Béji moves between broad categories such as “Europeans,” “Muslims,” “the West,” and “our societies” without sustained attention to specific historical contexts or internal differences. The result is a philosophically rich reflection on the moral fatigue of modernity, even as it risks reproducing hierarchies and diminishes the diversity of decolonized histories and political imaginaries. Béji’s thoughts are based on Tunisian intellectual and political life, but the book keeps making claims that “the decolonized” is a universal category, ignoring the deep historical, cultural, and political differences that shape postcolonial paths in different parts of the world. Most importantly, gender is still very underexamined. Béji does not theorize how patriarchy structures the failures of postcolonial states or how men and women experience the interruptions of decolonization differently, except for a brief acknowledgment that women often returned to more constrained forms of existence after independence. Researchers in African feminist studies will find these insights especially engaging.

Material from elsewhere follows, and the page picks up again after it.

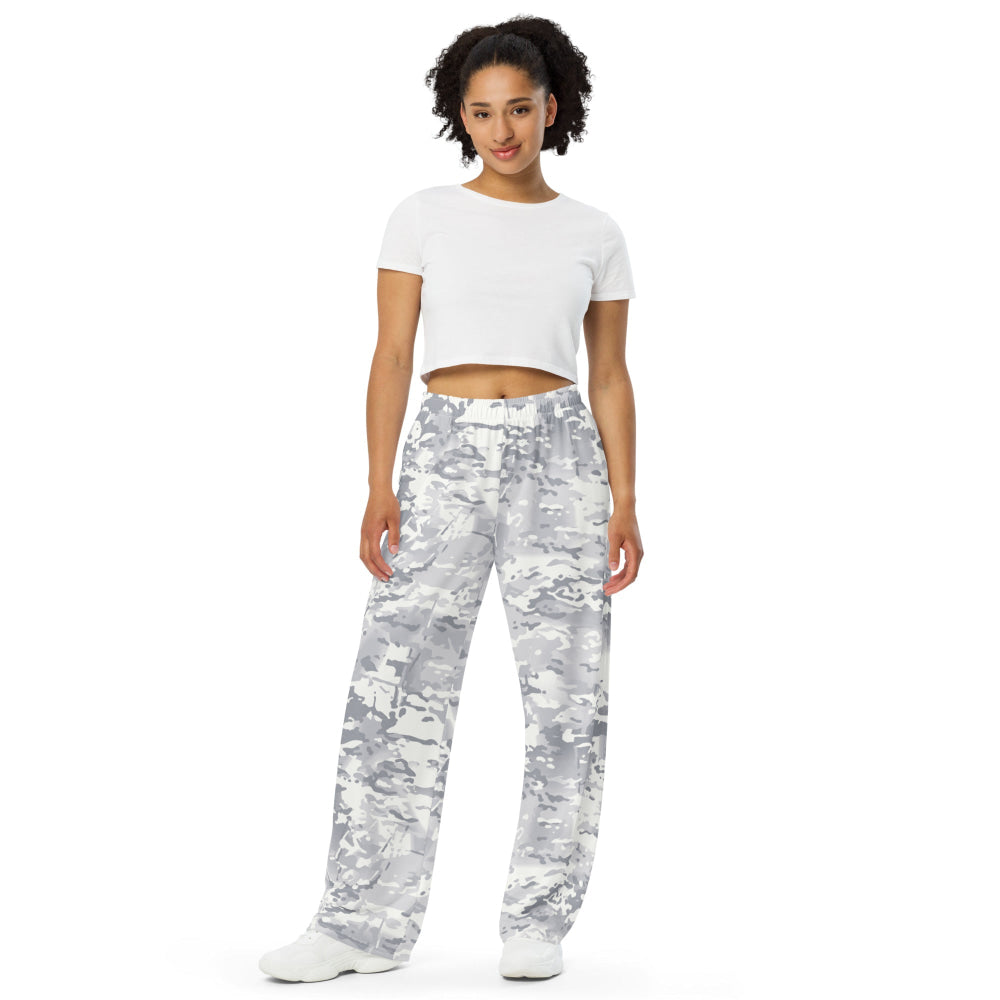 American Multi CAMO Alpine unisex wide-leg pants - Unisex Wide-Leg Pants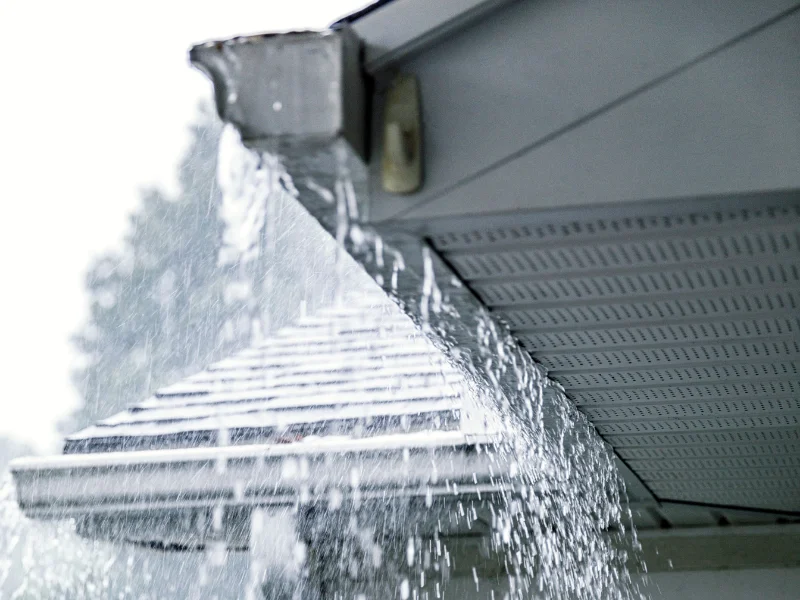 damage from overflowing gutters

We, the Decolonized represents a vital and timely intervention. Béji insists that decolonization should neither be romanticized nor abandoned, but approached as an ongoing process of dealing with its unfulfilled promise. Béji expresses a difficult optimism that rejects both blaming others and political fatalism by making the decolonized face both their power and their limits. For scholars of postcolonial studies, decolonial politics, North African and African studies, this is an interesting book to read. For a wider audience, it offers a clear and troubling reflection on the unfinished work of independence and the moral obligations it still places on us. Béji’s voice forces readers to think about what decolonization has not delivered and the duty that falls on those who inherit its unresolved goals.